Het is toch ook een waarheid dat als de mens denk de natuur te kunnen verbeteren, het ook altijd fout gaat.

Dat men desondanks veel slechte voeten ziet, is te wijten aan onvoldoende voetverzorging en slecht hoefbeslag zelfs het niet correct
en deskundig bekappen van de voeten geeft een enorme schade en zal zich vroeg of laat openbaren.
De basis van het kwaad wordt dikwijls al op zeer jeugdige leeftijd gelegd. Ook de voeten van veulens en jaarlingen vragen aandacht en moeten regelmatig worden bekapt.

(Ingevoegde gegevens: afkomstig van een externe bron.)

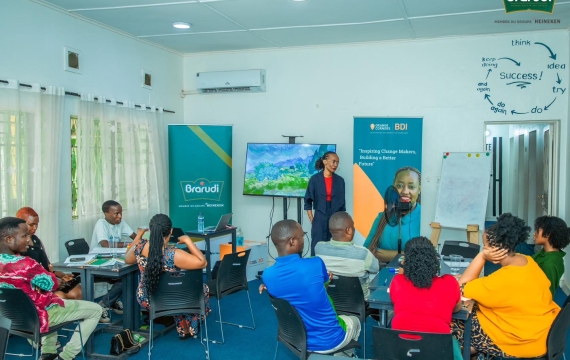 Renforcement des capacités : une nouvelle étape pour la 4ᵉ cohorte d’Orange Corners Burundi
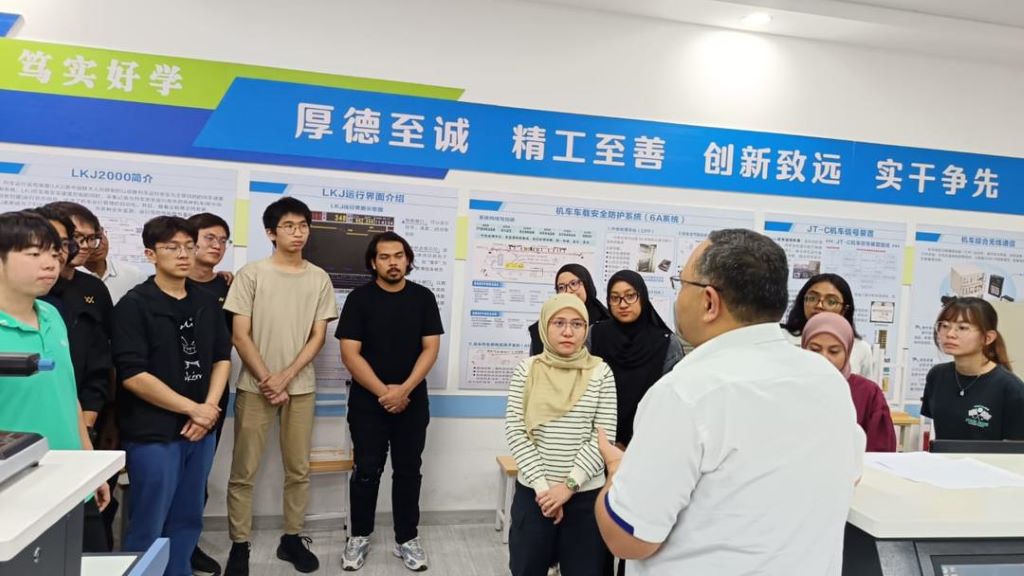 UMPSA santuni pelajar ijazah dual UMPSA-BJTU yang sedang mengikuti latihan industri di Liuzhou Railway Technical and Vocational College, China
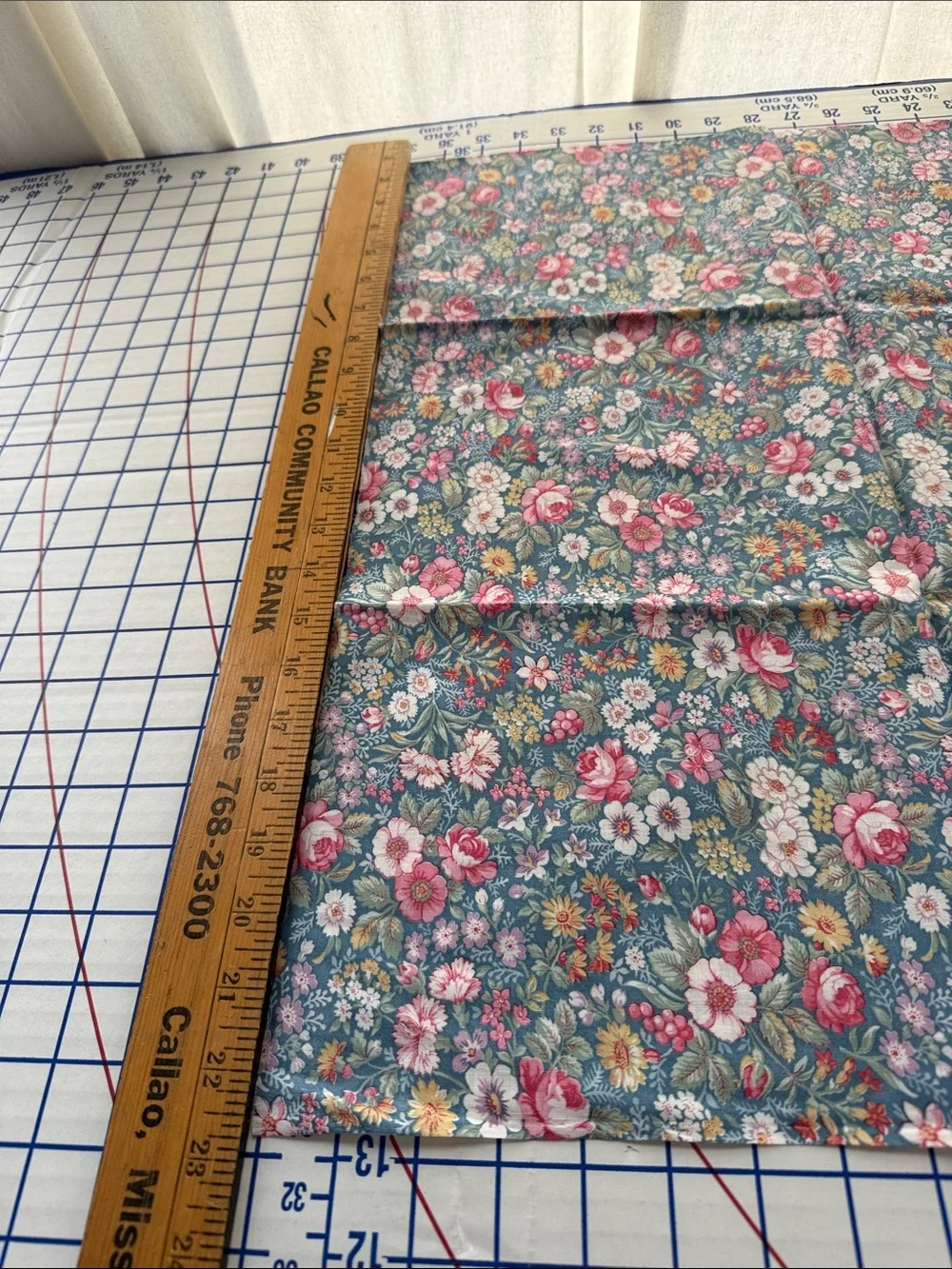 Vintage 1980s Floral Fabric 1 Yard x 44 Teal Pink Roses English Garden Cotton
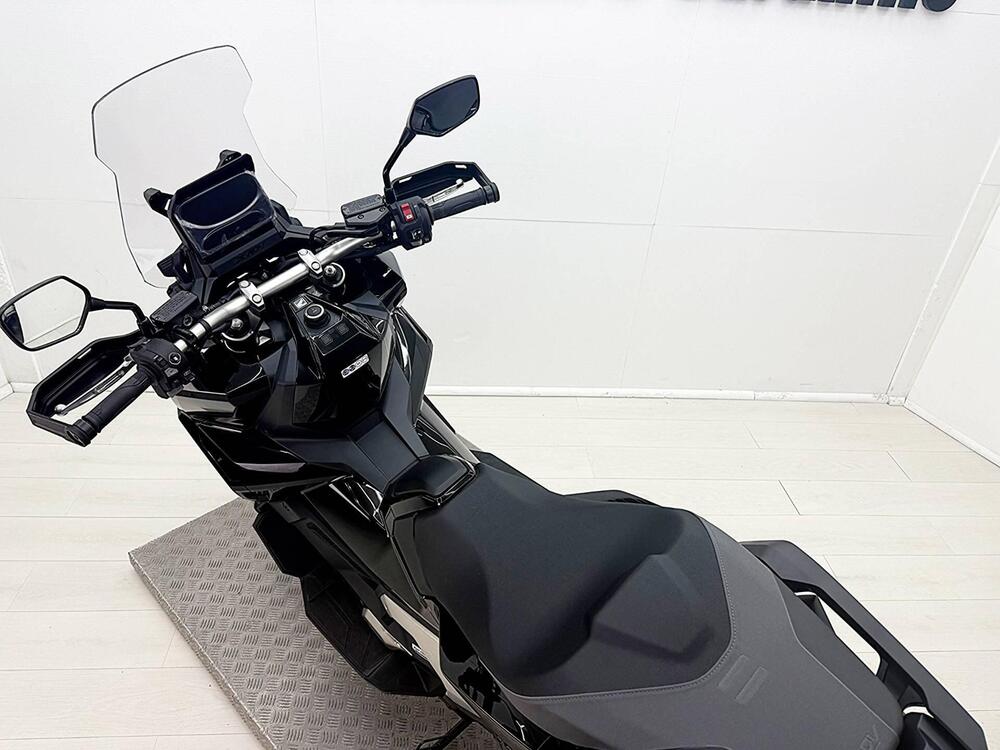 Honda X-ADV 750 (2025 - 26) (17)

Door dat oordeelkundig te doen en zo nodig een ijzertje te gebruiken, kunnen bij deze jonge dieren nog correcties in de beenstanden worden aangebracht, die bij een 3 jarige leeftijd en volwassen paard niet meer te realiseren zijn. Daar staat tegenover dat van het verwaarlozen van de voeten in de eerste levensjaren een negatieve invloed kan uitgaan op de gebruikswaarde van het paard in de toekomst.